[Text-to-region grounding data]
____________

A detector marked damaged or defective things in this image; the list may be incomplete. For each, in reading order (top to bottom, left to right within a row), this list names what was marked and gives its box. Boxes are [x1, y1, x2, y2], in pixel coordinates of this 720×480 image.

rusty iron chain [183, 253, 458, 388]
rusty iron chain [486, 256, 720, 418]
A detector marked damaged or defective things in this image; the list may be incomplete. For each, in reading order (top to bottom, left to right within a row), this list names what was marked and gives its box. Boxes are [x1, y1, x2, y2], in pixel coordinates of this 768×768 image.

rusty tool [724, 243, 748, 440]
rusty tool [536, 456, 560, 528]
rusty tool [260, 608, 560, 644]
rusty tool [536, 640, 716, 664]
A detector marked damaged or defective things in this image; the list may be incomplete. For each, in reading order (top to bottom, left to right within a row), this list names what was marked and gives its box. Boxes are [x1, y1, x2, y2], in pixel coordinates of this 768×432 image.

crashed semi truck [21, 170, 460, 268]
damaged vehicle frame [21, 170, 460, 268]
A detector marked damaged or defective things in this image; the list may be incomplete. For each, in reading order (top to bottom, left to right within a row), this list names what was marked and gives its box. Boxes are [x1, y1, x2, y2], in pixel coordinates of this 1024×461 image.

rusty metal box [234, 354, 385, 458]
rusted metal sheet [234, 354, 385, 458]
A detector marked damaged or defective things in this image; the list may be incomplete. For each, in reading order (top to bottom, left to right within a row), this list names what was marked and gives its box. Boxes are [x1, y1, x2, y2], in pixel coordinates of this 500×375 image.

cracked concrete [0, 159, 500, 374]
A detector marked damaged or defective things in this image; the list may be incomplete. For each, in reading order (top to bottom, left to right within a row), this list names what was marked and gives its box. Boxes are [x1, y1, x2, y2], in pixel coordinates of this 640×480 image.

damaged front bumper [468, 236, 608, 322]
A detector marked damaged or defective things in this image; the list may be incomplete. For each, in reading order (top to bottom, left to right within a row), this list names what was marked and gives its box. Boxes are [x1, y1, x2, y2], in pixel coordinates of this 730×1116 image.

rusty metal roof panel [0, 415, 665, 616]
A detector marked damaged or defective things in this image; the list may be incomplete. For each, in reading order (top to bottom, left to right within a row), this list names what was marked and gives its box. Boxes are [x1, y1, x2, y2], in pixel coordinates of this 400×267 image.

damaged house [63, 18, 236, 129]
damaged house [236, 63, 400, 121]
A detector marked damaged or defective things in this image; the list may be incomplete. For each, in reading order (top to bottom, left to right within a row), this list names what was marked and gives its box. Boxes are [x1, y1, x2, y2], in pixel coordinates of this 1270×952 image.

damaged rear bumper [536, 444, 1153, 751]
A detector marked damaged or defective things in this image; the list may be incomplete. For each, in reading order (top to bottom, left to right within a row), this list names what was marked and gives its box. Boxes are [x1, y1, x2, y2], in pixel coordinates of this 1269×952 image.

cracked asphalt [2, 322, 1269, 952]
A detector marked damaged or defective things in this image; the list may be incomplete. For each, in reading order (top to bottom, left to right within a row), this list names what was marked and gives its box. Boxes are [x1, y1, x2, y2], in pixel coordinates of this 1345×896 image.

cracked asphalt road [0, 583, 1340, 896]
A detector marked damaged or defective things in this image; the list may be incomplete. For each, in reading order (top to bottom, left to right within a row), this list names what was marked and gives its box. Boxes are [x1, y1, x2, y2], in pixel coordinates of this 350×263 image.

____________

- [Exercise]:
Reproduce the records above exactly. Leave nothing out.

- [Answer box]:
A detector marked damaged or defective things in this image; the list may be incomplete. For each, in reading order (top to bottom, left to right within a row), this list names what was marked and gives its box. Boxes are [x1, y1, x2, y2], in pixel coordinates of this 720×480 image.

rusty iron chain [183, 253, 458, 388]
rusty iron chain [486, 256, 720, 418]
A detector marked damaged or defective things in this image; the list may be incomplete. For each, in reading order (top to bottom, left to right within a row), this list names what was marked and gives its box. Boxes are [x1, y1, x2, y2], in pixel coordinates of this 768×768 image.

rusty tool [724, 243, 748, 440]
rusty tool [536, 456, 560, 528]
rusty tool [260, 608, 560, 644]
rusty tool [536, 640, 716, 664]
A detector marked damaged or defective things in this image; the list may be incomplete. For each, in reading order (top to bottom, left to right within a row), this list names what was marked and gives its box. Boxes are [x1, y1, x2, y2], in pixel coordinates of this 768×432 image.

crashed semi truck [21, 170, 460, 268]
damaged vehicle frame [21, 170, 460, 268]
A detector marked damaged or defective things in this image; the list may be incomplete. For each, in reading order (top to bottom, left to right within a row), this list names what was marked and gives its box. Boxes are [x1, y1, x2, y2], in pixel coordinates of this 1024×461 image.

rusty metal box [234, 354, 385, 458]
rusted metal sheet [234, 354, 385, 458]
A detector marked damaged or defective things in this image; the list may be incomplete. For each, in reading order (top to bottom, left to right within a row), this list names what was marked and gives its box. Boxes are [x1, y1, x2, y2], in pixel coordinates of this 500×375 image.

cracked concrete [0, 159, 500, 374]
A detector marked damaged or defective things in this image; the list may be incomplete. For each, in reading order (top to bottom, left to right within a row), this list names what was marked and gives its box. Boxes are [x1, y1, x2, y2], in pixel coordinates of this 640×480 image.

damaged front bumper [468, 236, 608, 322]
A detector marked damaged or defective things in this image; the list may be incomplete. For each, in reading order (top to bottom, left to right within a row), this list names what was marked and gives its box. Boxes are [x1, y1, x2, y2], in pixel coordinates of this 730×1116 image.

rusty metal roof panel [0, 415, 665, 616]
A detector marked damaged or defective things in this image; the list may be incomplete. For each, in reading order (top to bottom, left to right within a row), this list names what was marked and gives its box. Boxes are [x1, y1, x2, y2], in pixel coordinates of this 400×267 image.

damaged house [63, 18, 236, 129]
damaged house [236, 63, 400, 121]
A detector marked damaged or defective things in this image; the list may be incomplete. For each, in reading order (top to bottom, left to right within a row), this list names what was marked and gives its box. Boxes are [x1, y1, x2, y2], in pixel coordinates of this 1270×952 image.

damaged rear bumper [536, 444, 1153, 751]
A detector marked damaged or defective things in this image; the list may be incomplete. For each, in reading order (top to bottom, left to right within a row), this list names what was marked and gives its box. Boxes are [x1, y1, x2, y2], in pixel coordinates of this 1269×952 image.

cracked asphalt [2, 322, 1269, 952]
A detector marked damaged or defective things in this image; the list may be incomplete. For each, in reading order (top to bottom, left to right within a row), this list names what was marked and gives its box. Boxes are [x1, y1, x2, y2], in pixel coordinates of this 1345×896 image.

cracked asphalt road [0, 583, 1340, 896]
A detector marked damaged or defective things in this image; the list may be incomplete. For each, in reading order (top to bottom, left to right within a row), this list names what was marked and gives its box. Boxes are [x1, y1, x2, y2], in pixel coordinates of this 350×263 image.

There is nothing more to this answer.